Enfin, on se demande pourquoi Inn a choisi la science fiction pour raconter cette histoire à ses filles, vu qu’elle ne fait que récupérer les clichés superficiels du genre, qu’elle n’a aucune imagination et que les aspects technologiques sont tout simplement risibles. Inn réinvente ainsi le dictaphone (mais attention, hein, avec une innovation technologique de pointe : le CD…), fait couper les cheveux à ses personnages pour que la puce qu’ils ont dans la tête soit lisible par les portails magnétiques ; ses savants mélangent des poils de bêtes avec « d’autres ingrédients et d’autres substances » pour reconstituer de la viande (visiblement elle n’a jamais entendu parler d’ADN), et découvrent un inhibiteur de puce en recherchant la matière… d’une feuille de salade ! C’est presque du Monty Python… Et enfin, il ne faut pas oublier l’onde magnétique qui « dissout tout ce qui pouvait la toucher »

Une suite de mots enfantins et une absence totale de travail d’édition

La Porte des étoiles a été écrit pour des enfants. On en viendrait presque à croire qu’il a été écrit par des enfants. Comment justifier sinon la naïveté des expressions employées (l’organisme social distribuant la nourriture aux pauvres s’appelle… « la Caisse des Pauvres ayant Faim »), la simplicité des métaphores, l’absence de sens de certaines phrases, le vocabulaire limité… Cela ne dépasse pas le niveau d’une rédaction d’un enfant de sixième. La quatrième de couverture loue le « style moderne » du roman, mais cela va rarement plus loin que sujet-verbe-complément. Quant aux soi-disant « nombreux dialogues », ils doivent représenter à peine cinq pourcents du texte…

La Porte des étoiles est donc un mauvais roman.

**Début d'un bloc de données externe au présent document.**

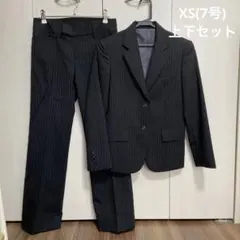 【XS】【7号】パンツスーツセット(ストライプ） ビジネス/就活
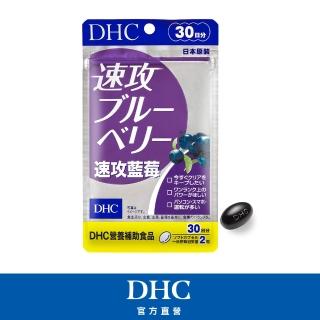 【DHC】速攻藍莓 30日份(60粒/包 暗處視覺 花青素 葉黃素)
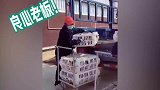 有个会直播的老板有多好笑难道这就是传说中的鸡舍演唱会
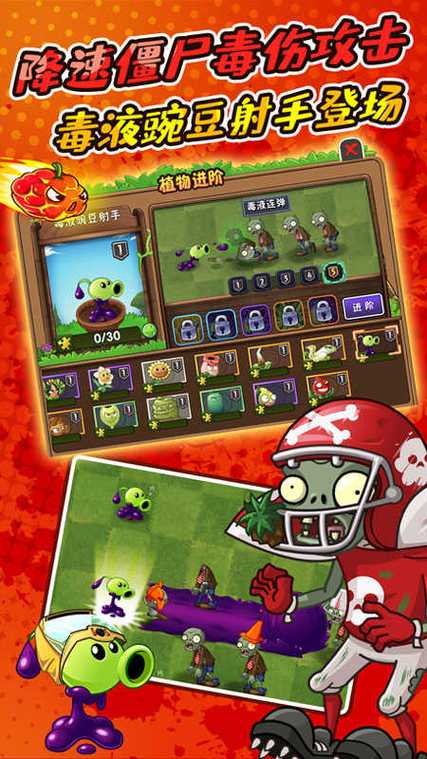 植物大战僵尸2内置菜单MOD缩略图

Mais bon, on ne peut pas en vouloir à Carole Inn, elle a tenté le coup, tant mieux pour elle et tant pis pour nous. En revanche, l’éditeur (ou celui qui se dénomme ainsi) mériterait le pilori. Il n’y a en effet absolument aucun travail d’édition. Il y a des fautes de ponctuation, d’orthographe ou de grammaire dans quasiment toutes les phrases, au point que c’en est presque illisible. Les exemples qui suivent ne sont que des échantillons : « en hivers » ; « nourisse » au lieu de nourrice ; « rasé de prêt » ; « Axès interdit » ; « elles attendèrent deux minutes » ; « malgré que » ; « bouche B » ; « si elle les retrouverait »… (mince, mon traitement de texte n’arrive plus à suivre !) Sans compter les multiples répétitions et les phrases sans queue ni tête. Cela dit, des fois, on se marre bien : « Manon s’éclata en sanglot ». La Porte des étoiles n’a donc pas dépassé le stade du brouillon (et là ce n’est pas une injure mais une simple constatation : « BROUILLON n.m. (de brouiller). Premier état d’un écrit avant sa remise au net » – Le Petite Larousse Illustré). Soit l’éditeur n’a jamais relu le texte, auquel cas c’est un charlatan, soit il l’a relu auquel cas c’est un incompétent. Comment expliquer cela, alors que des gens osent vendre ce livre 15 euros ?

Un petit tour sur le site internet de La Société des Ecrivains nous donne quelques indications. Déjà, le titre du roman sur le site (La Porte aux étoiles) est différent de celui imprimé sur la couverture. Cela peut paraître anodin mais c’est tout à fait significatif de l’absence de rigueur de cet imprimeur (car il ne peut pas prétendre à une autre appellation). La rubrique « Gardez le contrôle créatif » indique : « Vous maîtriserez la mise en page, le format, le type de reliure et les insertions que vous souhaitez ». Déjà, c’est louche. De là à croire que l’auteur est le seul correcteur de son œuvre, il n’y a qu’un pas. Ensuite, dans la rubrique « Faites-vous publier », on peut lire : « Vous trouverez une solution adaptée à votre oeuvre et à votre budget ». C’est donc plus clair : entre l’auteur et la Société des Ecrivains, c’est une relation commerciale et non pas éditoriale. Sans doute la cause qui a abouti à la production de ce torchon (« TORCHON n.m. 3. Fam. Texte écrit sans soin, mal présenté » – Le Petit Larousse Illustré), qui est une preuve évidente que l’édition, c’est un métier.